Can help further, but need to understand many other variables, like your node size, data update patterns, if you need covered indexes or not, document size, key size, etc.

Johan, thanks for clarifying the state of view indexes as a feature. Sure, GSI should receive an ability to partition indexes automatically since it will eventually become the only index engine. I hope, the views themselves will remain.

Unfortunately, using 5.0 would require updating our patch for support of IPv6 to account for changes made since 4.5.0, so it’s not an easy task. As I can tell from tickets in JIRA, there is an ongoing effort to support IPv6 out of the box, isn’t it? What version is planned to have it implemented?

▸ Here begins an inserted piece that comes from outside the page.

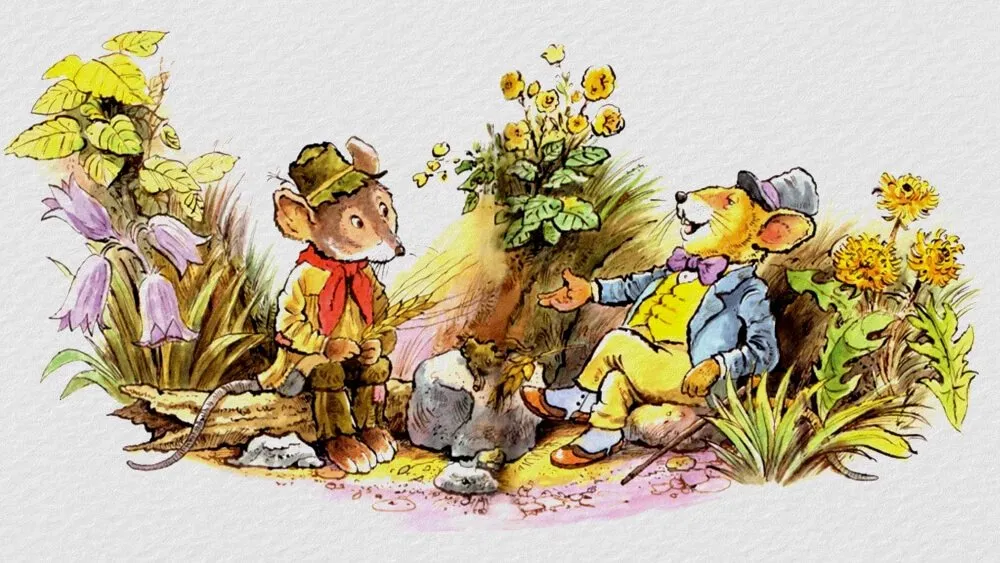 Truyện Chuột nhà và chuột đồng - Truyện Cổ Tích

I tried to gradually narrow down subsets of keys matching the WHERE clause when creating index: 108 million, 35 million, tens on thousands.

CREATE INDEX my_index ON my_bucket(META().id) WHERE META().id LIKE "prefix%" USING GSI;

Each time, initial progress was rapid and stopped at 73%, further progress was too slow to wait for it to finish. It looks like the speed does not depend on the count of keys in a subset. Maximum progress was 96% for 48 hours on a subset of 84 million keys. UPD: An index for 8958 keys required 3 hours to build. Obviously, something works not fine.

The cluster has 12 nodes, each with 125 GB of memory, documents are about 100-200 bytes, records are updated constanly, may be 10% are updated per 24 hours. Keys are about 10-40 bytes, indexes for my tasks initially need to contain only meta.id.